Criminal – Search & Seizure: HAMPTON V. COM. (SC 8/23/2007)

HAMPTON V. COM.
CRIMINAL:  SEARCH AND SEIZURE (INFORMANTS)
2006-SC-000122-MR.pdf
PUBLISHED: AFFIRMING (OPINION BY NOBLE)
COUNTY:WARRENT
DATE RENDERED: 08/23/2007

Synopsis: Police had reasonable and articulable suspicion to stop Defendant following tip from citizen informant and totality of the circumstances.

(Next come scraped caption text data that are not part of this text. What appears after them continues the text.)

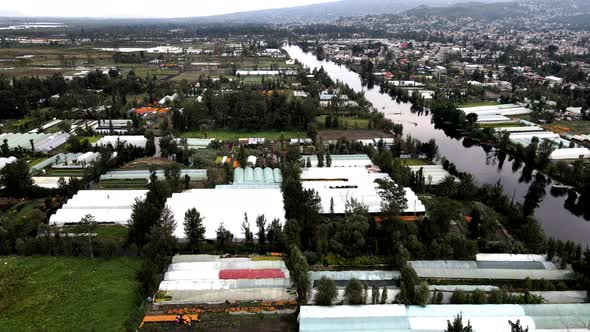 Drone shot of greenhouses in Xochimilco mexico city with cempasuchil flower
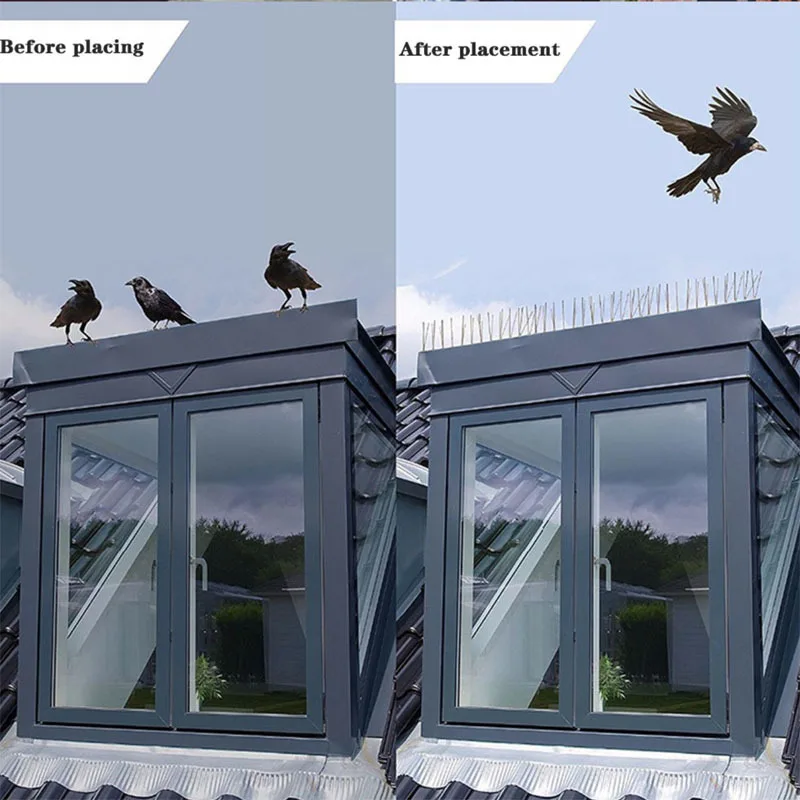 dd2f135163590ea9cc131ac0b5e67703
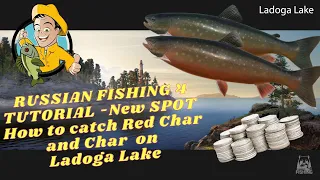 RUSSIAN FISHING 4 TUTORIAL - New SPOT - How to catch Red Char and Char  on Ladoga Lake - Texas Rig -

TC properly denied Defendant’s motion to suppress following search and seizure. In light of the totality of the circumstances, the officers had a reasonable and articulable suspicion that Defendant was engaged in criminal activity, thereby justifying a brief investigatory stop. Though his name was unknown, the man who gave the tip to the police was not truly anonymous. The officers were familiar with him, having spoken with him on several previous occasions. One of the officers had previously received reliable tips from the man about criminal activity. Rather than being an anonymous tipster, whose information would need significant verification in order to support even a reasonable, articulable suspicion, the man on the bike was more akin to a citizen informant, whose tip inherently bears more indicia of reliability than that of a purely anonymous informant. Citizen informants are tipters who have face-to-face contact with the police or whose identity may be readily ascertained . Their tips "are generally competent to support a finding of reasonable suspicion (and in some cases, probable cause) whereas the same tip from a truly anonymous source would likely not have supported such a finding." While the tip from the man on the bike enjoyed greater indicia of reliability as to its content than a purely anonymous tip, absent other information, its content alone would have been insufficient to allow police to perform an investigative stop of Defendant. The police, however, had other information that justified their stop of Defendant when combined with the tip.

In light of the circumstances, the police did not exceed their lawful authority by opening the car door before asking Defendant to exit the car. Further, Defendant’s consent to the search of his person was not involuntary and coerced because he was in pain from the handcuffs at the time.